Да, да, не надо было вам меня останавливать, надо было дать мне остаться тем, что я есть, пусть прожектером: ведь я только начинал, и со временем бы выяснилось, что начало как начало и что вторых и третьих начал не бывает — начало бывает одно, Игорь. А всего несколькими годами позднее — в тридцать с лишним лет! — стали впервые появляться эти апатии, эти мои периодические приступы пустоты. Опустошало и притом каким-то образом совсем не мучило. Казалось, обычное расслабление, я ведь тогда учил языки, читал ночами. Но год от года объяснять самому себе становилось сложнее. И наконец однажды я понял, что это вовсе не жажда отдыха и не переутомление — это был уже бич, беда, болезнь. Вялость обрушивалась на меня вдруг, даже и посреди отдыха, посреди отпуска, — и руки опускались, ни душе, ни уму ничего не хотелось, а было мне только сорок лет. Я тогда испугался. Я даже сходил к врачам. Врачи, как водится, успокоили. И, как водится, не помогли. Они опять же говорили о переутомлении, да кто же в наше время без нужды знает пять языков, батенька! да и зачем?!. Время шло; сменяя друг друга, одни врачи уходили на повышение, другие на пенсию — врачи уходили, апатия приходила вновь.
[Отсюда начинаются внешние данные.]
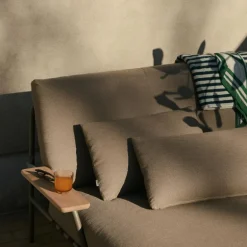 Settle Loungebed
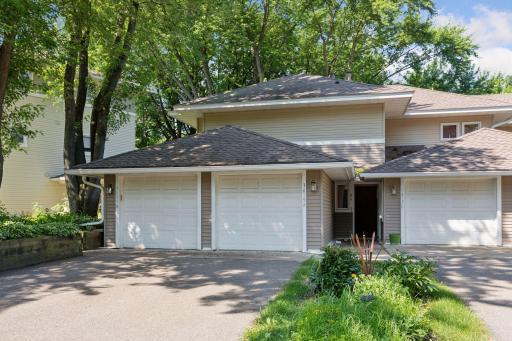 3635 Saint Francis Way, B, Eagan, MN 55123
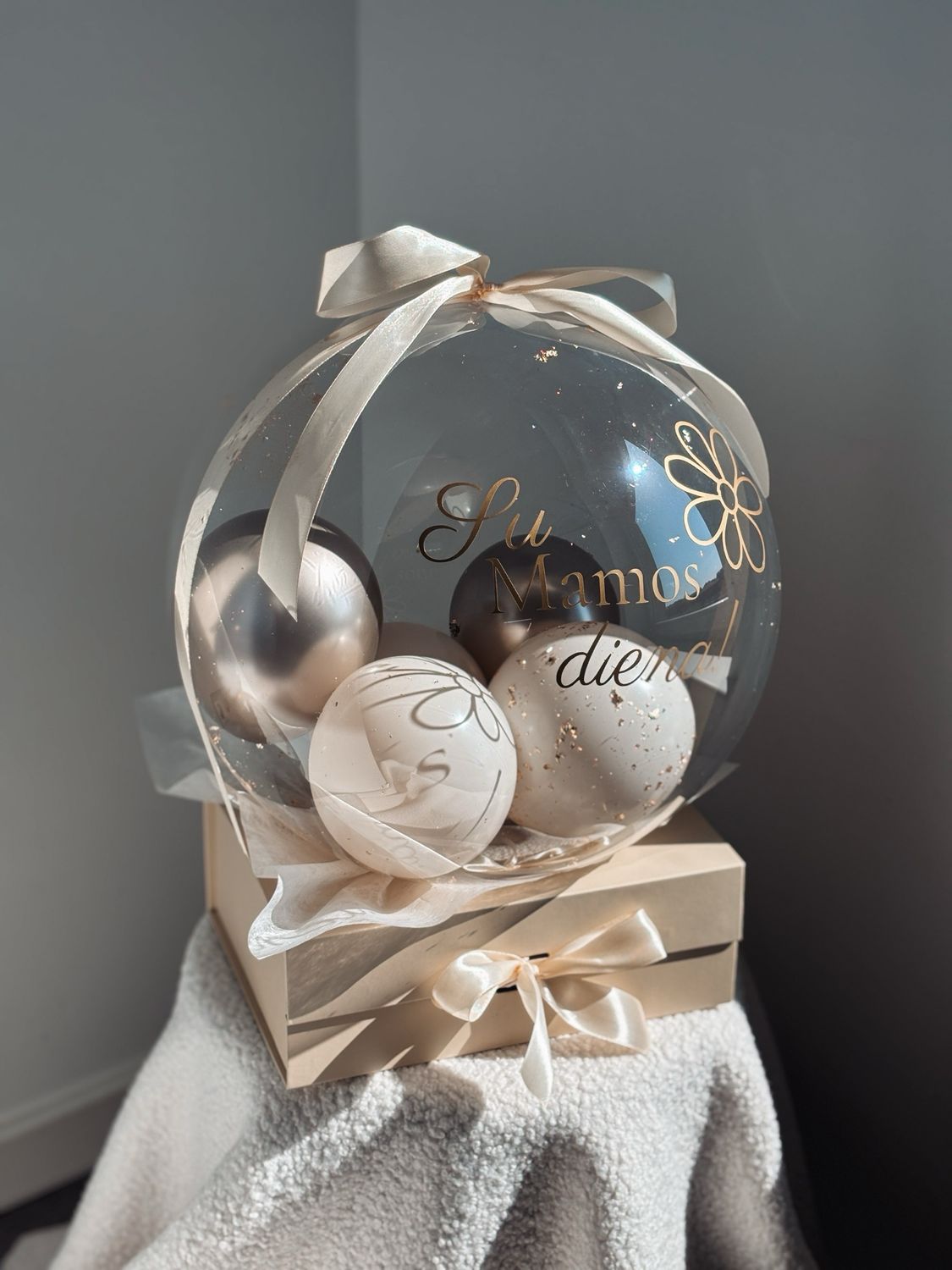 Personalizuotas balionas su dovanų dėžute - Cream love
Нет, Игорь, неужели я стану обвинять тебя лично — это глупо! И ты, и вы все не желали мне зла, но оттеснили. И вы, и те, кто шел за вами, — вы просто жили свою жизнь, но жизнь-то ваша все более перекрывала мне кислород. Начальство начальством и окрик окриком, а жизнь жизнью. Ты пойми: ни один начальник не прикрикнет на излишне выделяющегося человека, пока не увидит, что вокруг есть те, кто этого излишне выделяющегося также осуждает. Начальство именно опирается, пусть мысленно и пусть без предварительного сговора, но именно опирается на тех, кто прост, практичен, начинен здравым смыслом и умеренным чувством прогресса, а также послушен. Вы были всюду, вы жили свою жизнь, и вы этой самой своей жизнью нас вытеснили — и не столь уж важно, одернули при этом меня или нет, окрикнули или не окрикнули грозно.
Если апатия особенно жестока, он и не разговаривает. Он лежит утром (одетый), лежит в середине дня. Книги отложены, он не читает.
Он как-то сказал, что в таком состоянии он предпочитает сдаться, его, мол, уже не пугает ощущение краха и как следствие — усталая покорность текущему времени; психика? — ну, пусть: куда легче уступить, куда легче и разумнее попросту не сопротивляться, сдаться, отдать, пусть случится в сознании самое страшное, ведь и в сумасшествии есть, вероятно, свое милосердие, и пусть это страшное милосердие однажды его одолеет, победит; ведь несомненно, что как только он поддастся до конца, в ту же минуту самое ужасное и самое мучающее в его сознании кончится.
Он — в сильнейшей подавленности; и ему безразлично, что к нему пришел его единственный (и крайне редкий) гость; он, правда, открыл мне дверь, но вот уже около часа я сижу за столом, листаю редкие или интересные мне книги, пью чашку чая, курю сигарету, а он полулежит на диване, молчит, витая где-то далеко, и на глазах его, если присмотреться, этакие слезки. Он шумно вздыхает, слезки, две штуки, от вздоха слетают — он их и не заметил, просто слезятся глаза, такое бывает, он вполне и вполне спокоен; он смотрит не отрываясь на красно-синюю высокого качества рериховскую копию, что на стене. И глаза его — сухие.